Exercise requirements — Please print nothing but the lines from the one containing "this 704×468 image." to the final line below, exactly, and no pictures.

- - - - - - -

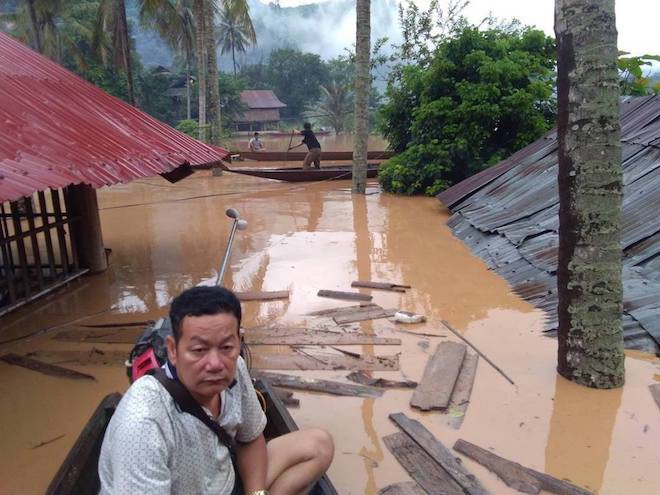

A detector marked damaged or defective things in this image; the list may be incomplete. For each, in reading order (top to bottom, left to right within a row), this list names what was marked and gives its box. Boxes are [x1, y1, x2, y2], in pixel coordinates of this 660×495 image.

rusty corrugated metal roof [0, 33, 229, 203]
rusty corrugated metal roof [240, 91, 286, 111]
rusty corrugated metal roof [438, 95, 660, 354]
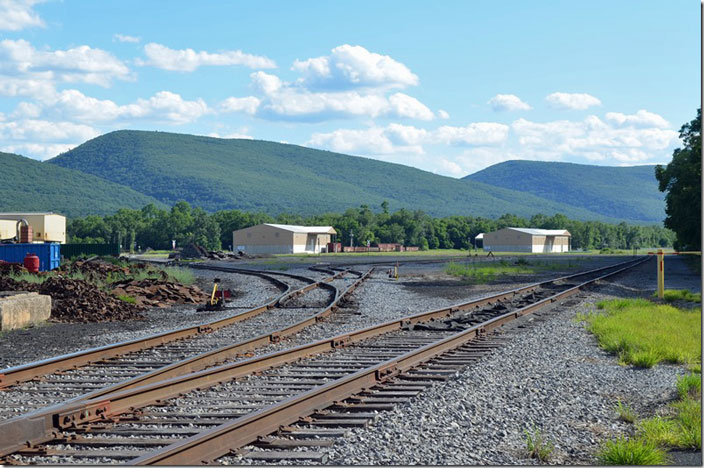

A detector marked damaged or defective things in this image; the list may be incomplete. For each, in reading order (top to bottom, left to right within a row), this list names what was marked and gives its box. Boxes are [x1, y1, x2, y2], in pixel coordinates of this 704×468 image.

pile of rusty scrap metal [110, 280, 208, 308]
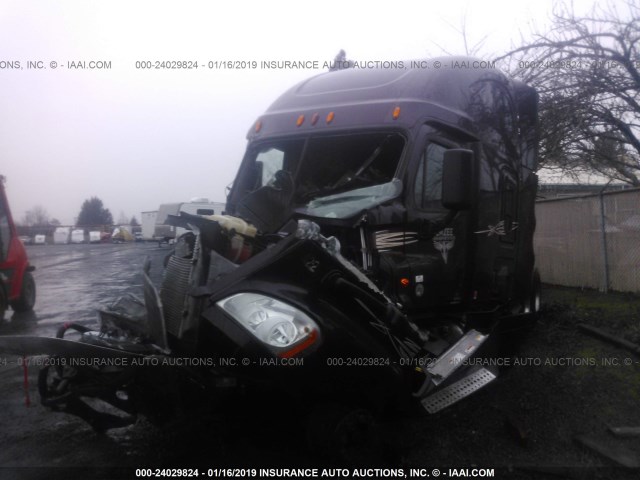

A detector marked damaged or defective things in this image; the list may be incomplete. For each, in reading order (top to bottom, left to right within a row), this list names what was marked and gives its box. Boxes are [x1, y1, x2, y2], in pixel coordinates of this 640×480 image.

- - - - - - -

Task output —
A detector marked damaged or defective things in this image; the list may be incomplete. For each, in reading order (top to bottom, left to right within a row), this list names what was marked and gives its box. Boxes are [x1, y1, x2, y2], in pixel coordinates of this 704×468 image.

pile of rusty scrap metal [110, 280, 208, 308]

A detector marked damaged or defective things in this image; the list may be incomplete. For each, in reading order (top to bottom, left to right within a row), this list names what was marked and gives its box. Boxes are [x1, y1, x2, y2], in pixel coordinates of this 640×480 image.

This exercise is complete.